Pilings are old and heavily covered with mussels and during the summer months there may be heavy growths of kelp around the outer end of the pier.
The pilings looking from the shore end of the pier — picture courtesy of my son Mike
The location is at the end of Garnet Avenue in Pacific Beach (“PB” to locals) and sits on a long sandy stretch of shoreline that stretches from Mission Beach up to the rocky Tourmaline Surfing Park. The pier has neither rocks nor reef to attract fish; it is simply one of the best beaches to fish for sandy-shore species. However, its proximity to the fish-rich waters of Mission Bay (just down the beach) and La Jolla kelp beds (just up the coast) probably have some influence as to the fish that show up at the pier.
Walleye Surfperch taken in 2010 (Picture courtesy of Crystal Pier Bait & Tackle)
Though small compared to most piers, Crystal is still, in my opinion, one of the better piers for at least four species of fish: barred surfperch, walleye surfperch, shovelnose guitarfish and (at times) California halibut. It has also shown during the past fifteen years or so that it is the number one pier in the state for yellowtail, especially in El Niño warm-water years.

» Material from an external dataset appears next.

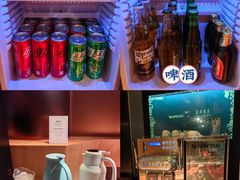 -广州花园酒店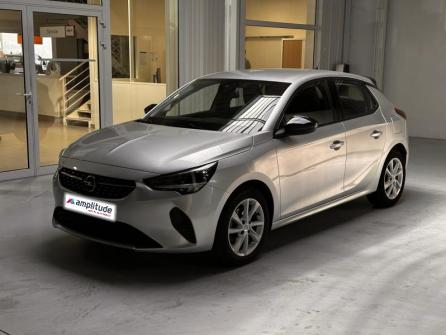 OPEL Corsa 1.2 Turbo 100ch Elegance Business BVA à vendre à Brie-Comte-Robert - Image n°1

So even though Crystal isn’t one of the largest piers, one of the most modern piers, or one of the most convenient piers in California (as far as parking), it still gets my nostalgic vote for one of my favorite piers in the state.
Son-in-Law Dave, Grandson Adam, and a yellowfin croaker taken in 2009
Kids just wanna have fun! Grandson & granddaughters
The Fish. The number of different types of fish here doesn’t seem as high as some piers (although one PFIC member said he had seen 46 different species); however, the concentrations of some species are very high. Fish here at the tide line include corbina, barred surfperch, spotfin and yellowfin croaker, round stingrays, guitarfish and thornback rays. Halfway out there are all of these but also more walleye surfperch, queenfish, white croaker, halibut and smoothhound sharks. The end area will see these plus Pacific mackerel, jack mackerel, jacksmelt, bat rays, small to medium size white seabass, bonito (some years), and an occasional yellowtail.
22-inch kelp bass taken by Angel Hernandez in 2015
Increasingly, in the last few years, more and more bass—kelp bass, barred sand bass, and even spotted sand bass—have been caught.
Spotted Sand (Bay) Bass (Picture courtesy of Crystal Pier Bait & Tackle)
The same is true with giant (black) sea bass, most of them youngsters in the 20-50 pound class. A number of the illegal big bass have been hooked, caught, and released during the new millennium and the numbers seem to increase each year.